Following last week’s move of the 10-year U.S. Treasury yield below that of its two-year counterpart’s — a scenario that hadn’t happened in 12 years — investors were agitated into selling off risky assets, including both stocks and oil. The move is understandable, given the historical tendency for economic recessions to succeed such drastic yield-curve inversions.

Volatility in the equity markets has spiked amid a frenzy for fixed income and other safer assets. But as Martin Pelletier, CFA, portfolio manager, and OCIO at TriVest Wealth Counsel has noted, investors may want to think carefully before making any moves out of stocks.

“[D]uring times like these, it’s imperative that one avoids getting caught up in the headline reporting and remains focused on playing the long-game,” he wrote in a piece on the Financial Post.
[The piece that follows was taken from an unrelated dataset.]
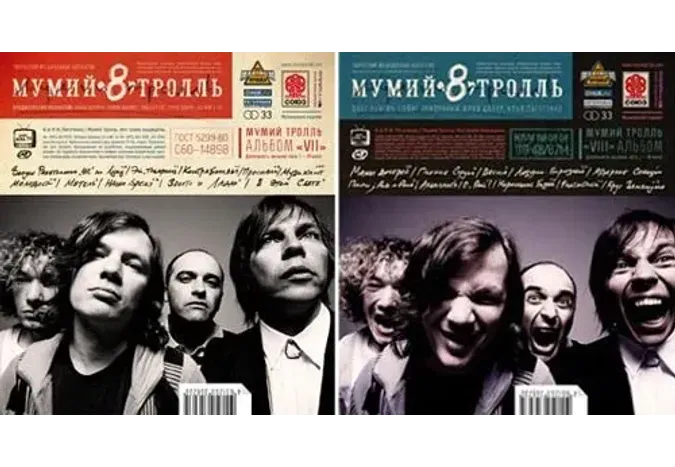 Мумий Тролль 2008. Обложка для альбома Мумий Тролль - 8. Мумий Тролль 8 альбом. Мумий Тролль обложка диска.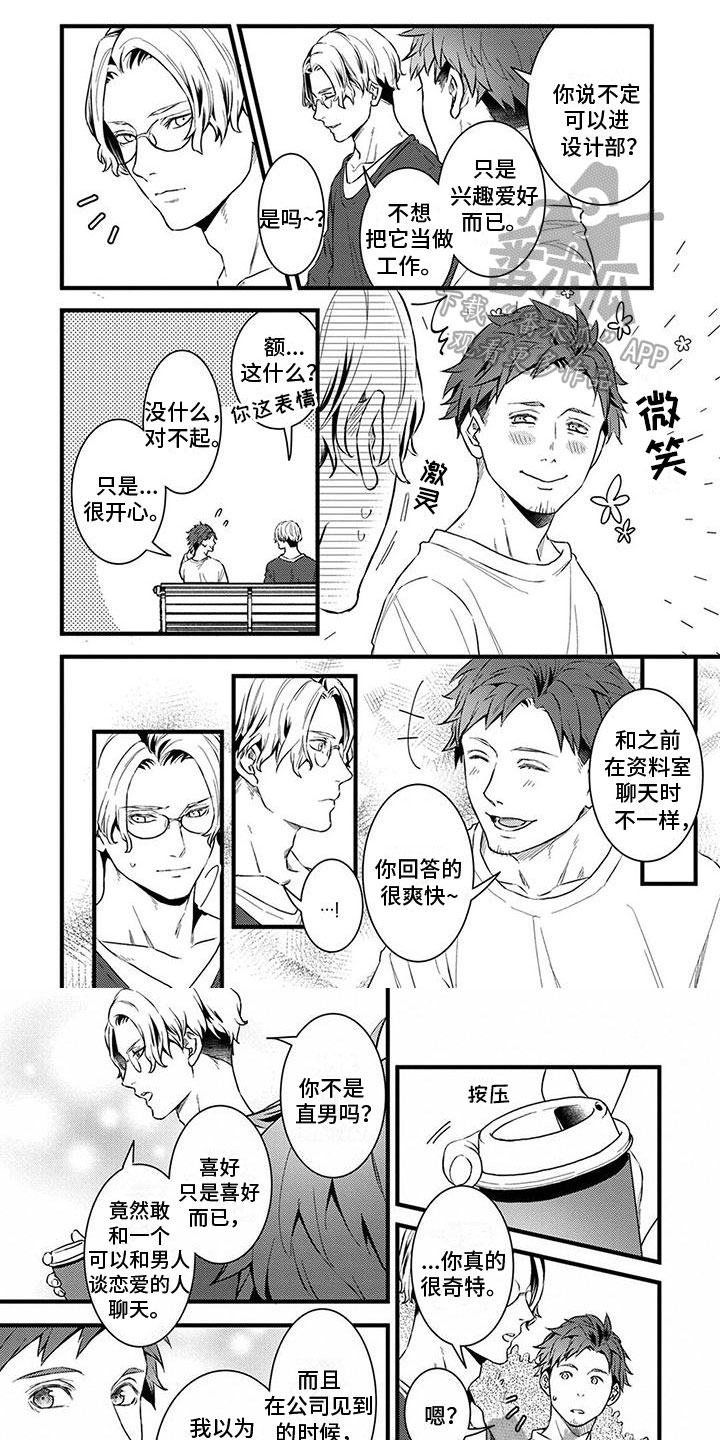 第8章：心乱0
He observed that corrections are part of a normal functioning market. The S&P 500 has an average of three corrections totalling more than five per cent every year, though it varies; while there were no corrections in 2017, there were five in 2018. Looking at the Dow Jones, Michael Batnick of Ritholtz Wealth has pointed out that the Wednesday sell-off was the 307th time the index underwent a decline of more than 3% in the past 100 years.

“It is also important to understand that economies and equity markets do not always move together,” Pelletier continued. While conventional thinking would assume that recessions hurt corporate profitability and share prices, he noted several studies showing moves in the opposite direction.

That includes research from the Bespoke Investment Group, which found that a 52-week low in the yield of the 10-year Treasury Note is always followed by higher average forward returns for the S&P 500 in the following day, week, month, three months, six months, and year. A longer-term picture resolves from data from LPL Financial and cited by MarketWatch, which indicates that one, two, and three years following an inversion, the index returned 13.5%, 14.7%, and 16.4%, respectively.

“The bottom line is no one is able to predict near-term moves in the market as there are too many factors at play that could have an impact either way,” Pelletier stressed, noting that a positive surprise from any resolution to the U.S.-China trade dispute would greatly lift the markets.

Suggesting that the recent pullback represents a good test of one’s willingness to use downside moves to capture long-term upside potential, he pointed out that nearly three quarters of stocks in the S&P 500 offer a dividend yield that’s better than the current 10-year Treasury rate.

Domestically, he said, many blue-chip equities — banks, insurance companies, and pipelines, to name a few — offer dividend yields anywhere from 4% to 7%. In contrast, the 10-year Bank of Canada yield stands at 1.2%. Canadian oil stocks, he added, are trading at their largest-ever discount to oil prices, with many offering a sweetener in the form of dividend yields exceeding 5%.

“We tend to look to the bond market as a means of managing the volatility in one’s portfolio while deploying a diversified approach to owning equities across various segments of the market and geographic regions,” he said.